I do, but has that stopped any corporations from violating or engaging in rugpulls ?
Also it’s kind of a me thing, I believe there should be at least 1-3 free-software, community-maintained alternatives
The FSF recommends the GPL and its related licenses for that very reason, to protect against corpos misusing it and attempting to make their work proprietary. Ansible is so widely adopted in the IT world, that even if Red Hat tried to restrict it or otherwise lock it down, there would be multiple GPL forks supported by hundreds of devs popping up overnight.
That very scenario just happened earlier this year with RHEL, and we saw both Alma Linux and Rocky Linux spring into action to protect their respective users successfully.
You should specify more details in your post, Chef and Puppet are the most common alternatives to Ansible.

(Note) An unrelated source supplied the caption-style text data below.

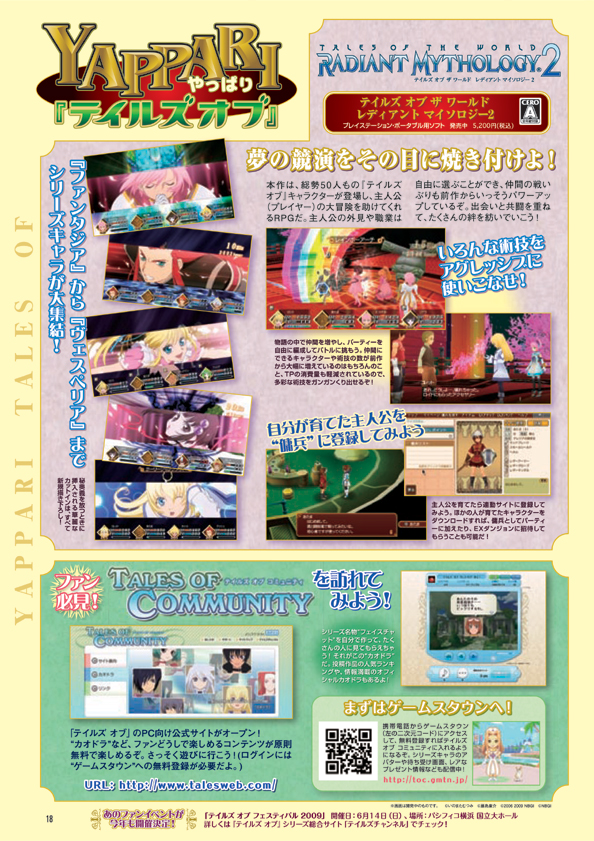 B-NOURS/2009 vol.12 : 18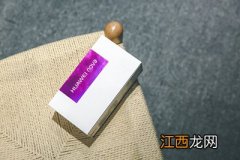 华为nova真机开箱图赏：精致典雅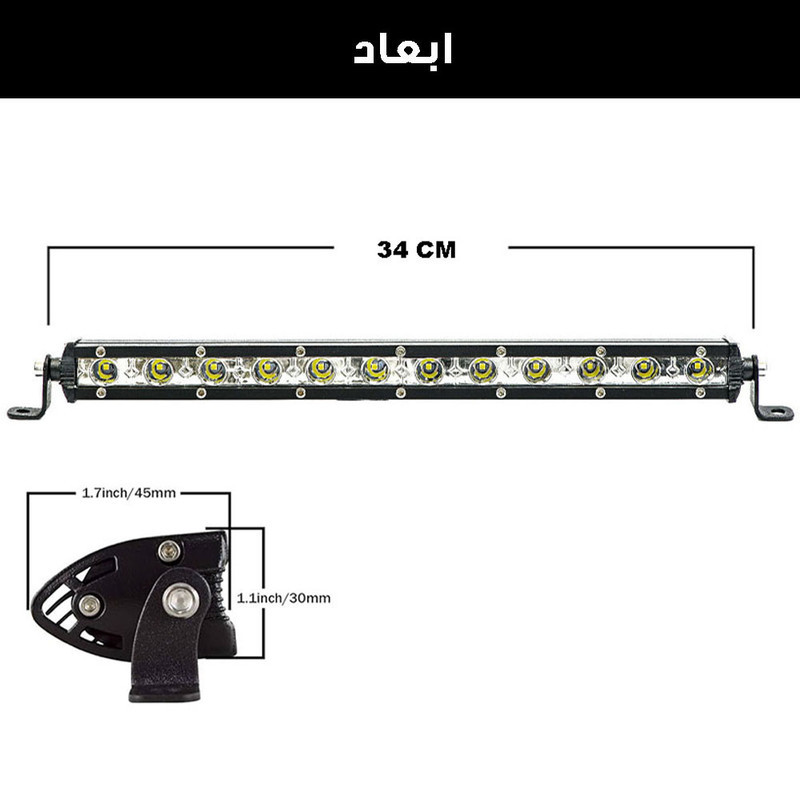 پروژکتور آفرودی مدل لایت بار کد 36W-34CM
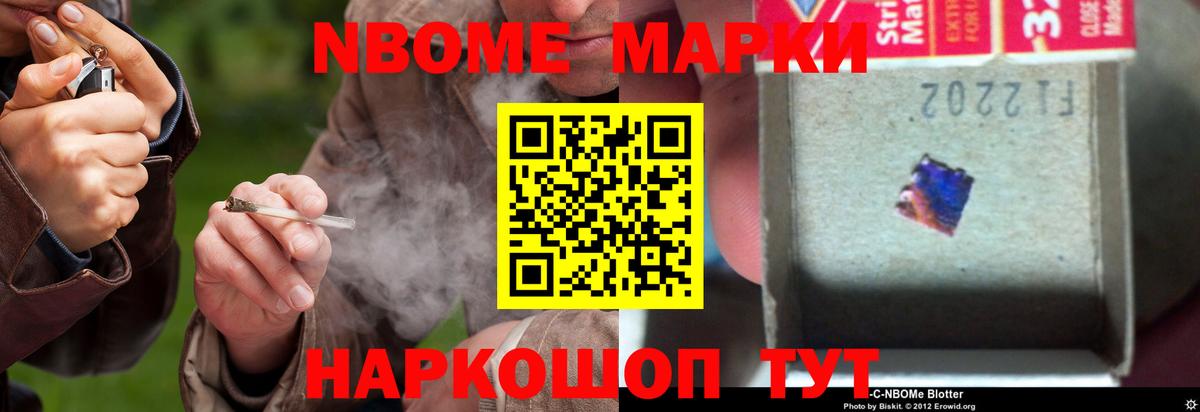 LSD-25 экстази кислота  mega ссылки  Брянск  ЛСД экстази кислота  Вход с VPN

They are both open source, but are Apache 2, not GPL, so not as good from a free software perspective.
I don’t know of any other automation frameworks like those that adhere to your requirements. It depends on what you are using Ansible for though. If you just want a way to automatically trigger simple endpoint tasks, like cache cleaning, package updates, etc. You could just set up some kind of standard cron job template for your endpoints and have them report success or failure via a common log file on some shared resource.
If you’re looking for more sophisticated endpoint management, you’re probably out of luck if you aren’t interested in using Ansible.